Do dalszego etapu przeszedł klon serii "Heroes of Might & Magic" o wybitnej nazwie "Heroes: A Grail Quest". To prosta, niezbyt rozbudowana gra, a jednak potrafi wciągnąć na... nie dłużej niż pół godziny. Kolejną z gier, które nie zostały odinstalowane w ciągu pierwszej minuty, było "King's League". Niczym specjalnie się nie wyróżnia, ale jej interfejs był wystarczająco mało denerwujący, aby pograć. W dodatku to autobattler, więc nie wymaga dużo zainteresowania.
"Dead Cells" – tytuł znany i wielokrotnie nagrodzony. Wcześniej nie miałem z grą styczności, ale ze względu na szacunek do opinii spróbowałem. Niestety, ale granie na smartfonie okazało się katorgą. Fajnie że tytuł znalazł się w Play Passie, ale bez joysticka ta gra nie ma sensu. Ze wszystkich wypróbowanych gier najbardziej spodobał mi się "Infinite Loop". Cóż, ta produkcja jest darmowa, więc można powiedzieć, że zmarnowałem 23 złote tylko po to, aby wrócić do punktu wyjścia – grać w niezbyt angażujące i darmowe gry.
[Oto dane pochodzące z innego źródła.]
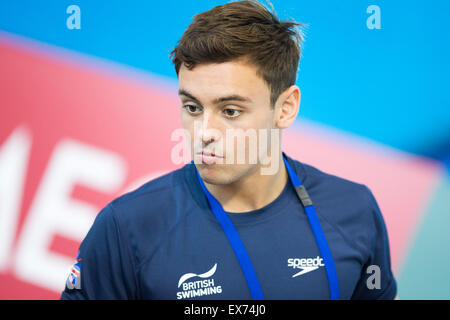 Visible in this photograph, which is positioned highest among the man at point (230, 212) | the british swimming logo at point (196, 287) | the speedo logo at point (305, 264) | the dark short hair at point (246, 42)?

Google Play Pass pomógł mi zrozumieć, że gry mobilne to nie jest świat dla osób, które lubią mieć akcję pod kontrolą. Nie jest też dobrze rozumiany przez samych producentów gier. Oczywiście produkcje stawiające na mikropłatności zarabiają krocie i mają się świetnie dzięki swoim wciągającym mechanizmom. Z kolei tym płatnym grom brakuje jakiegoś punktu zaczepienia – konkretów. Są po prostu nijakie.
Finalnie odinstalowałem wszystkie pobrane wcześniej gry i zostałem z niczym. Zupełnie tak jak z tym mopem, a raczej jego wiadrem, które połamało się po kilku dniach. Mam nadzieję, że jeszcze kiedyś ktoś stworzy grę mobilną, przy której będzie można się po prostu zrelaksować. Byłbym skłonny zapłacić nawet jak za pełen produkt, czyli standardowe 250-270 zł.